- **DIRECTIONS FOR THIS TASK**
Below are lines of data, and only some are wanted. Please repeat exactly those from the line that has "Papel de carta Snoopy chocolate shop" through the line that has "Unitec Abzweigdose 40210L, wasserdicht".

- **DATA RECORDS**
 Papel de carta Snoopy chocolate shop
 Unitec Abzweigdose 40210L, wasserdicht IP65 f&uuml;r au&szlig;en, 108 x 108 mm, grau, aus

--

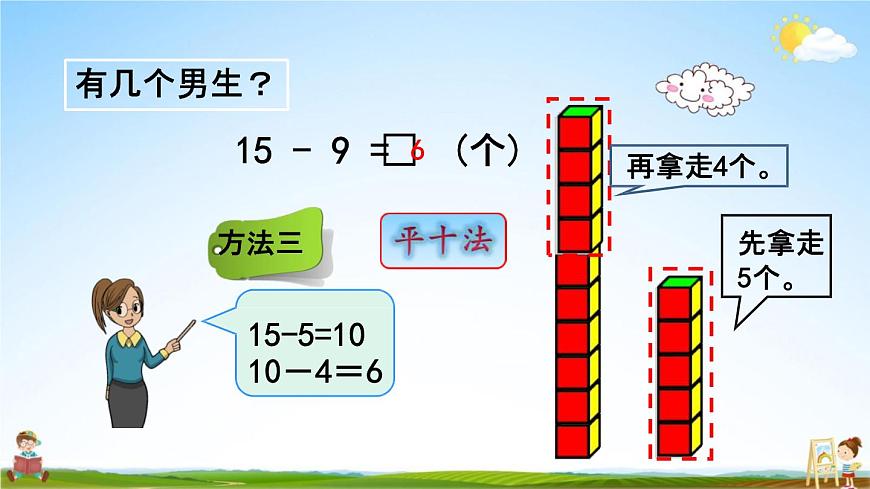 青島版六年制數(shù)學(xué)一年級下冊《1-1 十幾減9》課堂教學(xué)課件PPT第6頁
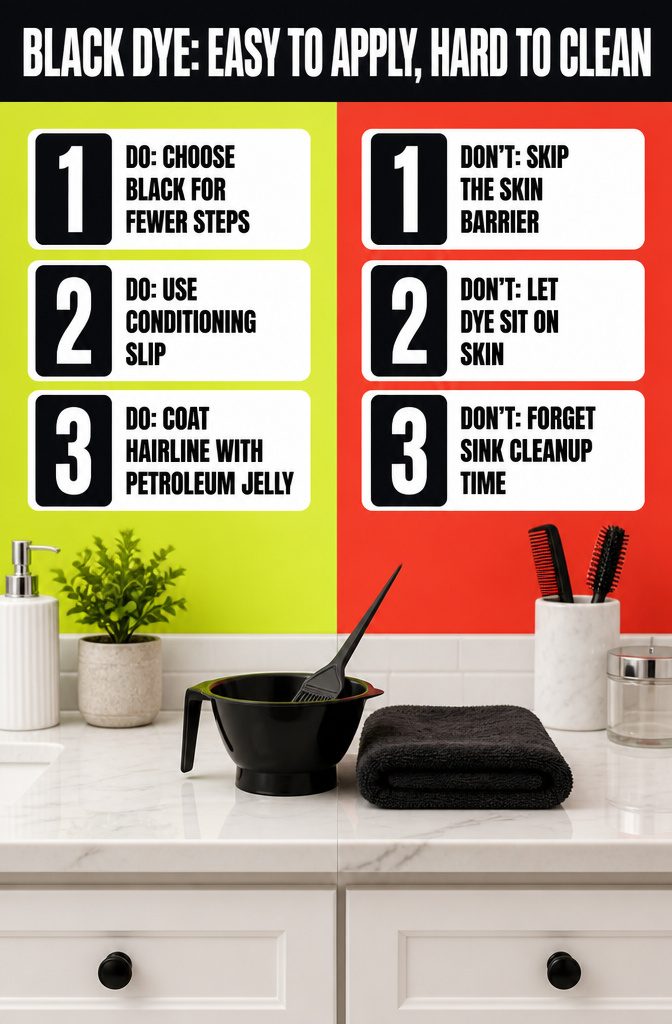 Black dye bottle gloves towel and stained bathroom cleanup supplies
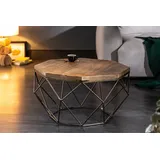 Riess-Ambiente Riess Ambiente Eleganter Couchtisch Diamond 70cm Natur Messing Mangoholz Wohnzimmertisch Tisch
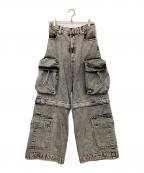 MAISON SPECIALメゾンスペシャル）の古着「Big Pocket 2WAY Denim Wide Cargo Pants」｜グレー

- **EXERCISE OUTPUT**
 Papel de carta Snoopy chocolate shop
 Unitec Abzweigdose 40210L, wasserdicht IP65 f&uuml;r au&szlig;en, 108 x 108 mm, grau, aus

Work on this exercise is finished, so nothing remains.